Guns in America are like cars in America. Woe to anyone who tries to take them away. Of course the truth is that no one is trying to take away guns — regulating gun ownership is similar to how we license cars. Banning the sale of automatic weapons with their high-capacity ammunition clips and expanding background checks on all gun buyers is not so much taking away guns as it is taking away matches while standing next to an open gasoline pump.
The truth is that most folks want a sane society in which people actually like each other. Indeed, this issue of gun control is not about guns at all. I think it’s a deeper spiritual issue. Martin Luther King, Jr. once said, “People often hate each other because they fear each other, they fear each other because they don’t know each other, they don’t know each other because they cannot communicate, they cannot communicate because they are separated.”
What we discover in story after story of the horrible gun massacres is that the perpetrators are deeply alienated, isolated human beings who have lost a connection, a communion with others. We learn that they are already living in a hell of numbness that has distorted their reality to the point where they can no longer feel.
Yet 72 percent of Americans believe that arming guards in schools will protect us. I wonder if the same percentage of Americans believe that armed guards in malls, in theaters, on every street corner, in every bar, at every neighborhood soccer game, at every place of employment and at the front door of every church will protect us from each other? Indeed, should we arm every citizen so that we can be like those old TV westerns where everyone carried a six-shooter? Would that make us secure: a mutually assured society of individuals in an all-against-all culture? Is that the culmination of wisdom for how folks can learn to get along?
Spiritual wisdom knows a better way. And this wisdom is not merely the repository of religious institutions. It is in every human being. It is that within us that yearns for connection with each other.
On Saturday, Feb. 9 the whole city is invited to an interfaith gathering to end gun violence. It starts at 5:30 p.m.

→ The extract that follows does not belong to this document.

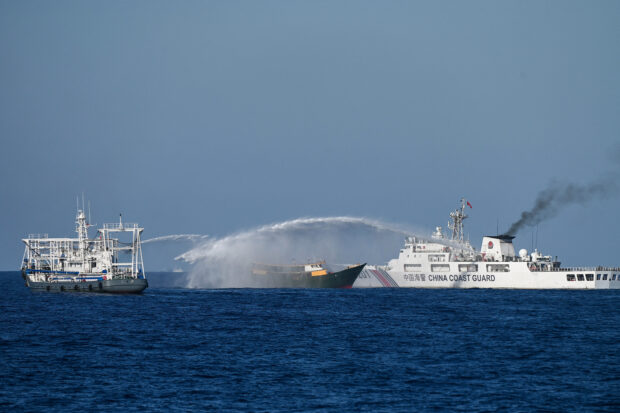 This photo taken on March 5, 2024 shows China Coast Guard vessels deploying water cannons at the Philippine military chartered Unaizah May 4 (C) during its supply mission to Second Thomas Shoal in the disputed South China Sea. The Philippines said on March 5 that China Coast Guard vessels caused two collisions with Philippine boats and water cannoned one of them, leaving four crew injured.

with a prayer vigil at St. Mark’s Episcopal Cathedral, 1245 10th Ave. E., followed at 6 p.m. with a candlelight march to St. James Cathedral, 804 Ninth Ave. Families with children, grandmas and grandpas, gay and straight, conservative and liberal, religious or not: indeed people of good will are encouraged to suit up and show up, to connect, to remind each other that what we really want in this city is to like and trust each other. To remind us that in the end we believe good will outlive evil and that in friendship, peace is truly possible.